Today we began by discussing what the program could be and what the participants' expectations are. The program will be driven by what they seek to get out of it. They are very interested in becoming better at public speaking, getting up in front of people without being scared or nervous. They are also interested in learning about Shakespeare and acting in general. It was decided that the final performance, which they all want to do, will be a showcase of scenes and monologues rather than a full production. This decision was made based on the participants’ experience with people being released from prison during the rehearsal process and on audience members leaving mid-performance, which they thought would be distracting. We discussed creating a safe environment of trust and ensemble, and the importance of that in learning to express our emotions on stage. We then warmed up, and then did some theatre games and exercises to establish trust, ensemble, quick thinking and focus. Some of the exercises require strong eye contact, and we discussed the importance of that. One participant who is wary of eye contact brought up her fear, and we discussed why that might be. One participant posited that it is probably a defense mechanism, and the participant with the issue agreed.

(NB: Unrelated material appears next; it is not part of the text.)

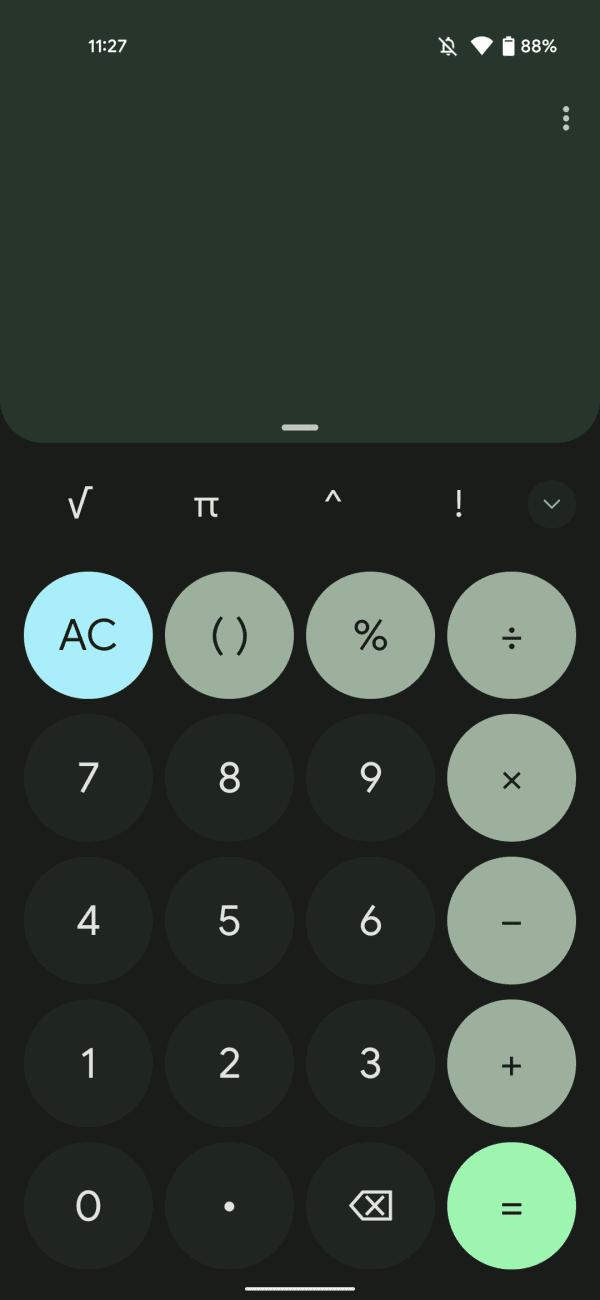 Google Calculator Android 12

I distributed the “What a piece of work is a man” monologue from “Hamlet.” After reading over it silently, we went around the circle, each person reading from punctuation to punctuation. We discussed what was going on in the monologue in general, and then broke it down phrase by phrase.
Everyone got up individually to read the monologue. Participants in the audience gave good constructive criticism to whomever was reading, and each person improved the second time she did the monologue. The participants then insisted that I perform the monologue, and they then expressed that they wished they had seen me do it first, since it gave them a lot of good ideas. I told them that I hadn’t because I didn’t want them to copy me, but I may do it in the future since they wanted it so much. They promised that if I did they would not copy me, but would simply use the example to give them ideas.

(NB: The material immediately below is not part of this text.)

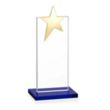 Bryanston Gold Star Award - Blue | https://www.bestnamebadges.com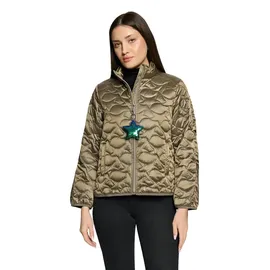 Cartoon Steppjacke mit Eingrifftaschen in Dusky Green - 44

We then did an exercise in which each participant walks across the stage and the audience analyzes the walk. We noted that each person’s walk was different, and we discussed what about the walk communicated whatever we interpreted, and why that is important onstage, as well as in life.
In closing, we discussed how the day had gone. The participants all agreed that they had enjoyed themselves. One said she already felt less nervous about public speaking, that she already trusts the group. Another said she felt liberated by performing the monologue, and all the others agreed. They decided that they want to continue next week with monologues and do scene work later.
I am very encouraged by the discoveries everyone is already making - I am especially excited by the participant who declared that she no longer has stage fright after just two readings of the monologue. It was a very good start to the program.